Exercise details:
The lines to reproduce run from the one containing "3744 Northridge Dr, Concord, CA 94518" through the end of the records below. Reproduce them exactly and add nothing.

Records to use:
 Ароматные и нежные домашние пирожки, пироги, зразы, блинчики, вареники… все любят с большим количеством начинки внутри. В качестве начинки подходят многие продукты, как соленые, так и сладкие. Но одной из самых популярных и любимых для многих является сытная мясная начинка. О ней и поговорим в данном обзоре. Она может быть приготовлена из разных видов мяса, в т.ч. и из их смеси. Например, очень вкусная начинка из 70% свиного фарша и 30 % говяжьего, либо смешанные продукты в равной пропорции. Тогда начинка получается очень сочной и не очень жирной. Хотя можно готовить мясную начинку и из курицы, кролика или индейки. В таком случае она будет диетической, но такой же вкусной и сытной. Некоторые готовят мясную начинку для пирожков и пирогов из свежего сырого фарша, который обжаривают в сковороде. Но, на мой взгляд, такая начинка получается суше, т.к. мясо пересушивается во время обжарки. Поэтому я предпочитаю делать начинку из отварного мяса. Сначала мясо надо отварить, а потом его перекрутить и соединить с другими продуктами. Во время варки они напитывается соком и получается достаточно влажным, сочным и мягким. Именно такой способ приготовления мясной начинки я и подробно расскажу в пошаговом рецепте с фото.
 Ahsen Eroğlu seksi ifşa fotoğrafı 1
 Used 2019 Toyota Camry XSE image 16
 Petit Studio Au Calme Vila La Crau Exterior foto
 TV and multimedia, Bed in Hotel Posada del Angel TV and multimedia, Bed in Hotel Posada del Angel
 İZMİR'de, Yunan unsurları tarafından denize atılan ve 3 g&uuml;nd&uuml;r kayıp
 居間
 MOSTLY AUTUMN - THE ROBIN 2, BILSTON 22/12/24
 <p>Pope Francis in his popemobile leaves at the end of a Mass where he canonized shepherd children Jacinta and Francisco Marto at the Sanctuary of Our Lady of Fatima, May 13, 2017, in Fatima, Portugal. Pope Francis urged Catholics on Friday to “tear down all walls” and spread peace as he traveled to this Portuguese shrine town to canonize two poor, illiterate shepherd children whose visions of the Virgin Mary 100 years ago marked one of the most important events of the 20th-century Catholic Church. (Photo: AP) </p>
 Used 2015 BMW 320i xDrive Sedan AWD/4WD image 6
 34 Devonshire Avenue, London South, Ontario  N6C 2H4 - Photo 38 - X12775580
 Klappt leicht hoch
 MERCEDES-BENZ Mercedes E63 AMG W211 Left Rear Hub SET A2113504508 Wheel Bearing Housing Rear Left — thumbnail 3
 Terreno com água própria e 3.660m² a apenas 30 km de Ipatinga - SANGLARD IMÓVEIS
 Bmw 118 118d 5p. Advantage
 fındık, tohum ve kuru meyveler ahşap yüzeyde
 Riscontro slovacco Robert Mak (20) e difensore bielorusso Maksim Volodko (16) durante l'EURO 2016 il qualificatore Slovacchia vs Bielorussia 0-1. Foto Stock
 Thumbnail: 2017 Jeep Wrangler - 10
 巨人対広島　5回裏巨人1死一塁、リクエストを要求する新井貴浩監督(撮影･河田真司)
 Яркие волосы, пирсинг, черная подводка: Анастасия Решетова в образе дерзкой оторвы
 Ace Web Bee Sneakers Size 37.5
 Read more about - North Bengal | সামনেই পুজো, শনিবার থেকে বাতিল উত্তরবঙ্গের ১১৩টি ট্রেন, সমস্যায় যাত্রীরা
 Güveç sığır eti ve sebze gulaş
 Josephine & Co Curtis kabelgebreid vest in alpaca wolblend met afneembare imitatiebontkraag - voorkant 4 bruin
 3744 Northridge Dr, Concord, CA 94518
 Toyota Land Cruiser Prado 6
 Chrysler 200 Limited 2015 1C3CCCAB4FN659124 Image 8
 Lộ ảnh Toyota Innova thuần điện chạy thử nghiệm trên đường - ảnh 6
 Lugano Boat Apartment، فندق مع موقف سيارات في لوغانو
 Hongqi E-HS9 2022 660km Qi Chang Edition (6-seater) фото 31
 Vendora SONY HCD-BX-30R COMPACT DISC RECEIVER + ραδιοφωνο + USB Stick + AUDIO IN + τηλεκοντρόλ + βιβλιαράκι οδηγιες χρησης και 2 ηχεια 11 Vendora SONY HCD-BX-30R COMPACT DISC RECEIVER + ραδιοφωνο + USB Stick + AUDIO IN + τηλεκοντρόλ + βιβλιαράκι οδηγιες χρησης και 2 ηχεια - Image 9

Answer area:
 3744 Northridge Dr, Concord, CA 94518
 Toyota Land Cruiser Prado 6
 Chrysler 200 Limited 2015 1C3CCCAB4FN659124 Image 8
 Lộ ảnh Toyota Innova thuần điện chạy thử nghiệm trên đường - ảnh 6
 Lugano Boat Apartment، فندق مع موقف سيارات في لوغانو
 Hongqi E-HS9 2022 660km Qi Chang Edition (6-seater) фото 31
 Vendora SONY HCD-BX-30R COMPACT DISC RECEIVER + ραδιοφωνο + USB Stick + AUDIO IN + τηλεκοντρόλ + βιβλιαράκι οδηγιες χρησης και 2 ηχεια 11 Vendora SONY HCD-BX-30R COMPACT DISC RECEIVER + ραδιοφωνο + USB Stick + AUDIO IN + τηλεκοντρόλ + βιβλιαράκι οδηγιες χρησης και 2 ηχεια - Image 9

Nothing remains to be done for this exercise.